Las demostraciones teóricas de --> Dios, por exactas e importantes que éstas sean, actualmente sólo pueden tener eficacia en unión con una llamada mistagógica hacia aquella experiencia religiosa de la -> transcendencia que se da inevitablemente en la vivencia concreta de lo ético en general, de la responsabilidad por una configuración activa del futuro y, sobre todo, de un amor real y auténticamente personal al prójimo. Tanto al ateo culpable como al inculpable (nosotros no podemos establecer una distinción adecuada y segura entre ambos) hemos de hacerle entender en qué ámbito existencial él encuentra a Dios, aun cuando no llame «Dios» a este último «de dónde» y «hacia dónde» de su libertad moral y de su amor, aun cuando no se atreva a «objetivarlos» y con frecuencia considere (en parte injustamente) la religión sometida a categorías y a instituciones como una contradicción a ese misterio inefable de su existencia.

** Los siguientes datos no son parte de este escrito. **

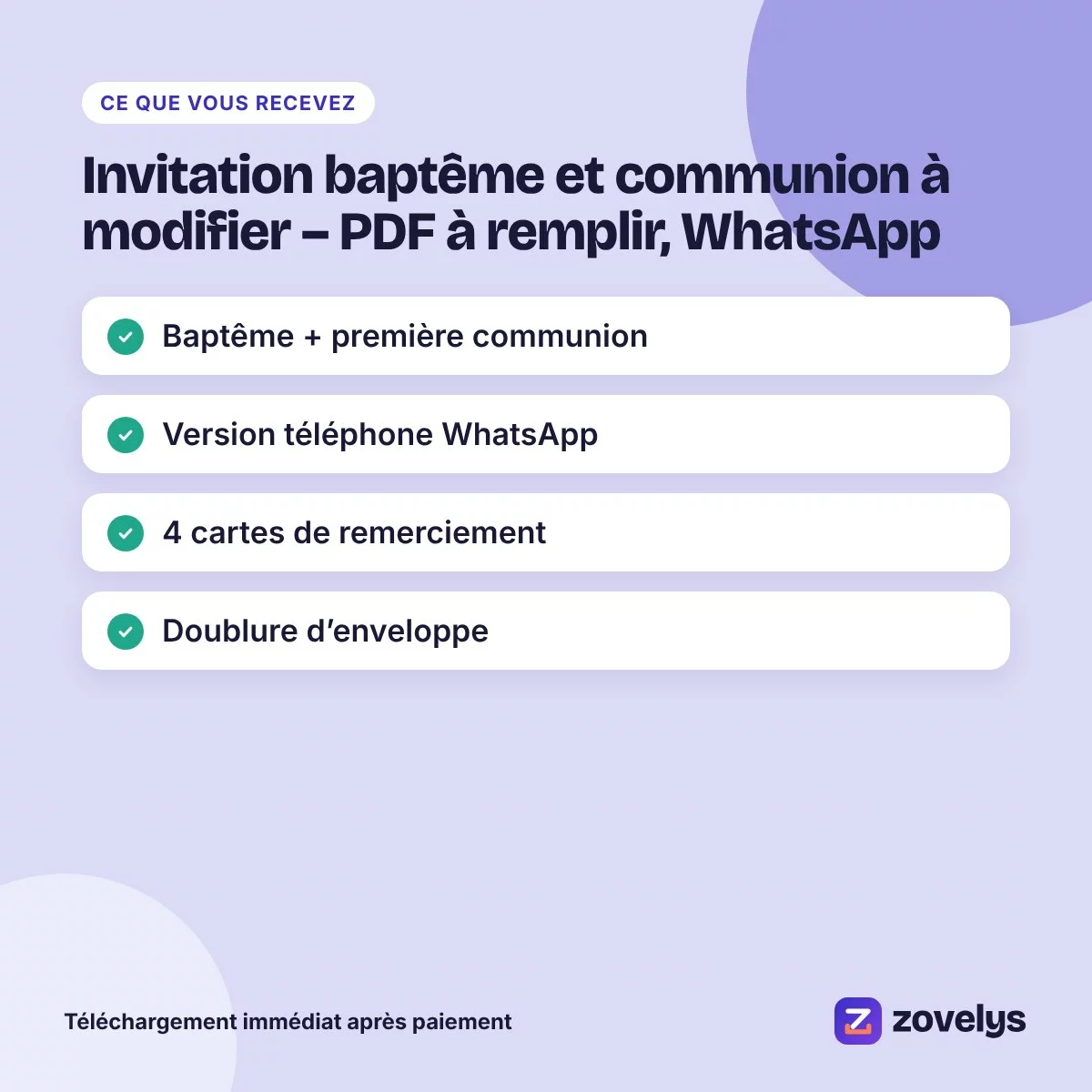 Invitation baptême et communion à modifier – PDF à remplir, WhatsApp – aperçu 4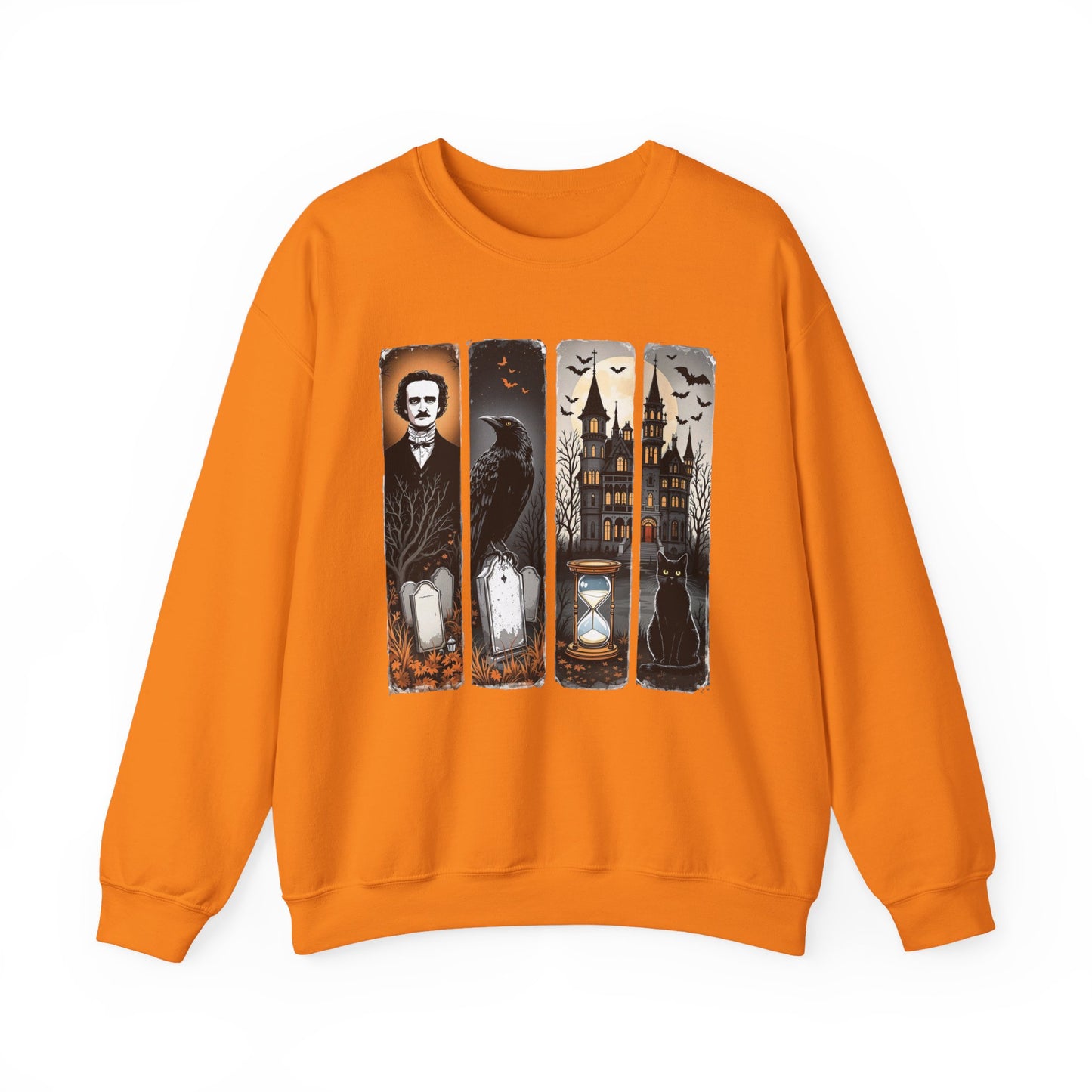 Edgar Allan Poe Sweatshirt The Raven Nevermore Gothic Horror Sweater Dark Academia Macabre Halloween Gift for Book Lovers Birthday Christmas Sweatshirt Printify Safety Orange S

Hoy ya no podemos presuponer que bajo el término «Dios» todos entienden realmente aquello que propiamente se debería significar con dicho vocablo y que, por tanto, la cuestión está solamente en si ese Dios existe de verdad. En todo lenguaje religioso hemos de procurar con suma diligencia que en él quede claro en forma viva el carácter incomprensible de Dios, su sagrado misterio. Pues, de otro modo (lo que nosotros llamamos) Dios ya no es el Dios real, y entonces lo presentado bajo este término será rechazado por un a. que se tenga a sí mismo por «más piadoso» y puro que un teísmo vulgar. Quien luche contra el a. como fenómeno social de masas, en primer lugar debe tomarlo en serie y conocerlo, ha de valorar sus causas y argumentos, confesando tranquila y abiertamente que con frecuencia se ha abusado del teísmo y se le ha convertido en «opio del pueblo»; debe además desarrollar un diálogo auténtico y sincero con los ateos, aceptando todos sus presupuestos y exigencias y, en consecuencia, estando incluso dispuesto a colaborar con los ateos en la configuración del mundo común. La «lucha» no puede centrarse solamente en el campo de la doctrina; más bien se ha de combatir sobre todo mediante el testimonio vivo de cada cristiano y de la Iglesia entera, mediante una continuada autocrítica, purificación y renovación, mediante el argumento de una vida religiosa que esté libre de --> superstición y de falsa seguridad. A estas armas han de sumarse la práctica de la justicia, de la unidad y del amor verdaderos y, con ello, el testimonio de que un hombre, creyendo y esperando, puede aceptar la penumbra de la existencia como nacimiento de un nuevo --> sentido infinito para ésta, el cual es precisamente el Dios absoluto, que se comunica a sí mismo (cf. Vaticano ii, Sobre la Iglesia en el mundo actual, n. 21).